Two outstanding poets have met across the ocean to discuss literature, life and all the questions of the world exclusively for Fragmented Voices. Isn’t that what poetry and creativity are all about? Europe meets America, East meets West: Romanian poet, translator and editor Mircea Dan Duta interviews Californian wordsmith Dane Ince, Poet Laureate of California.
You are an outstanding poet and renowned activist. Yet you and your work and activities are not known to European readers, for example. Would you introduce yourself to our readers and highlight the most important things about yourself?
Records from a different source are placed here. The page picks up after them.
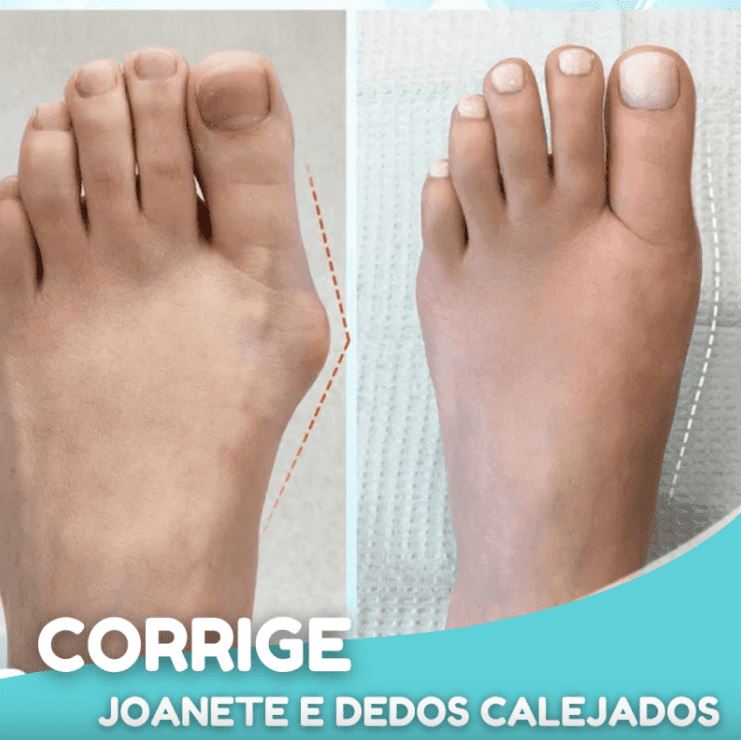 JoanettOriginal - Corretor Ortopédico de Joanetes e Pé Chato (2 Peças) ORT008 Kaypestore 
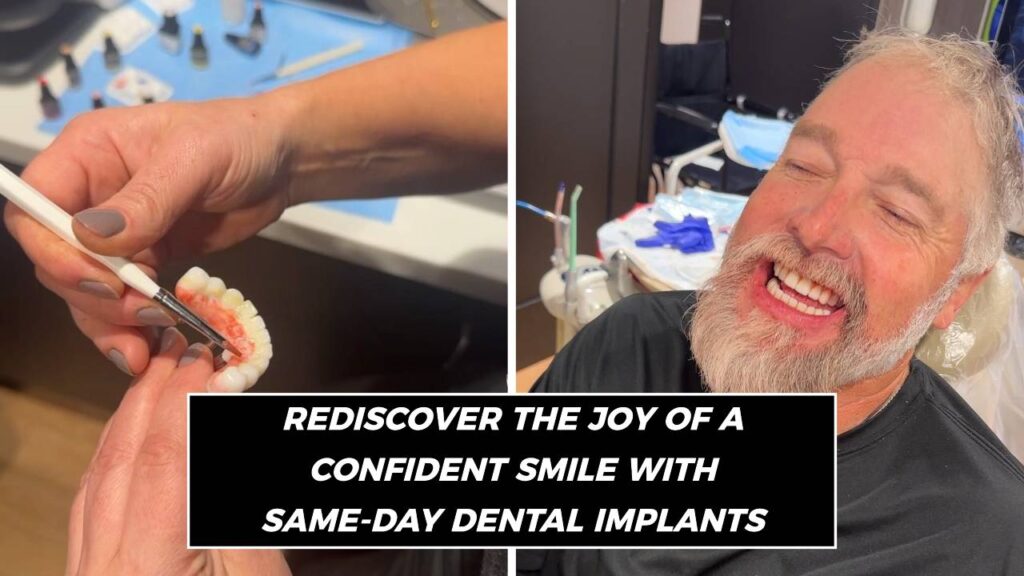 Custom Dentures - Real patient smiling with implant dentures from Brentwood Dentist Dr. Ashish Patel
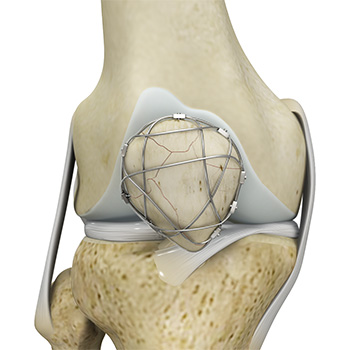 Knee Fracture Surgery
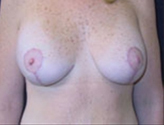 Patient # 51527 After Photo # 2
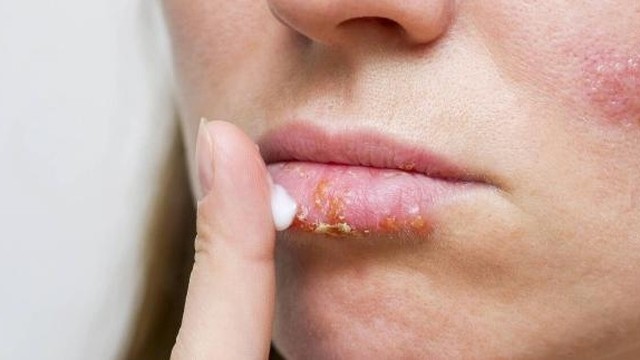 bai-viet/benh-choc-lo-dung-thuoc-gi-nhung-luu-y-khi-dieu-tri-benh-choc-lo.html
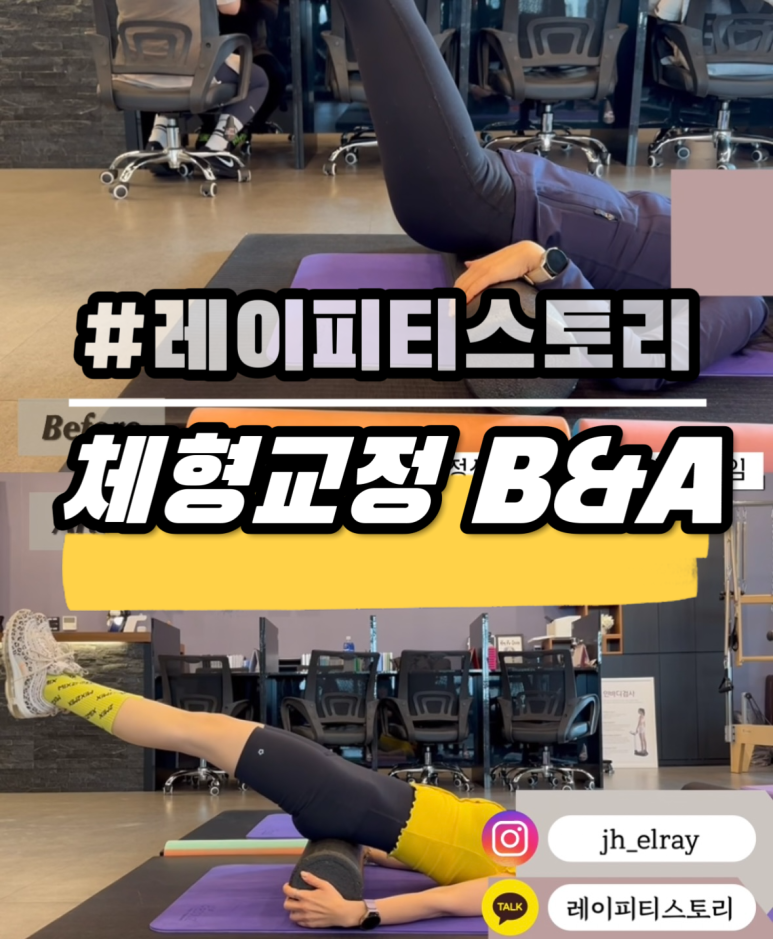 피티스토리 이미지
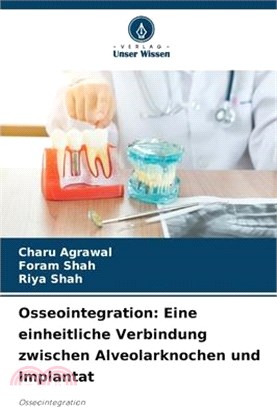 Osseointegration: Eine einheitliche Verbindung zwischen Alveolarknochen und Implantat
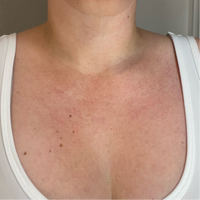 Woman shows her discolored skin on her chest before she starts using NIRA's at-home laser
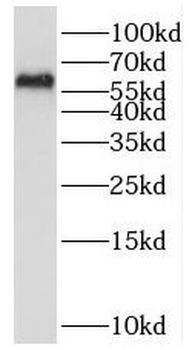 PPP3CB Antibody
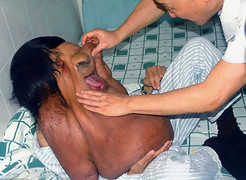 Người đàn ông mắc bệnh lạ khiến khuôn mặt chảy xệ đến bụng bị gọi là 'quái vật'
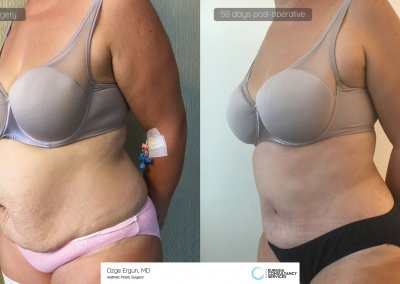 לפני ואחרי ניתוח מתיחת בטן אישה בת 42 לאחר 50 יום
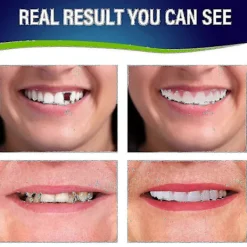 2 set tandproteser, övre och nedre tandproteser, naturliga och bekväma, skyddar dina tänder och återställer ett självsäkert leende><noscript><img width=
I grew up in Texas and it might be easy for folks in your part of the world to realize why an artist may no longer remain in Texas. I’m sure the news has travelled widely about the social problems in that state. To say that people in this part of America are downright hostile to anything different or outside their strict and intolerant worldview is to speak mildly of the everyday tragedy that occurs there. In my teenage years, I worked at a radio station that was bombed off the air twice by members of the Ku Klux Klan, once before I went to work there and once after I had left. Around those days I came to Berkeley, California, a far more socially tolerant place that fit me more comfortably because I was interested in studying Fine Arts, and through a series of events I wound up becoming involved in writing poetry. Currently, my aspiration would be to make a stronger connection with respect to Romanian culture and European culture and to integrate myself more fully into the realm of arts around the world and hope to do the same thing by familiarizing Americans with the works that are happening and being created by their contemporaries from faraway places and across our country. I would say the most important thing I would like to share is my desire to connect to humanity. I am influenced by ancient Eastern thought. This is not to say that I strictly adhere to any organized system of values. Life is a practice and sometimes when you find a way to help others, you wind up helping yourself.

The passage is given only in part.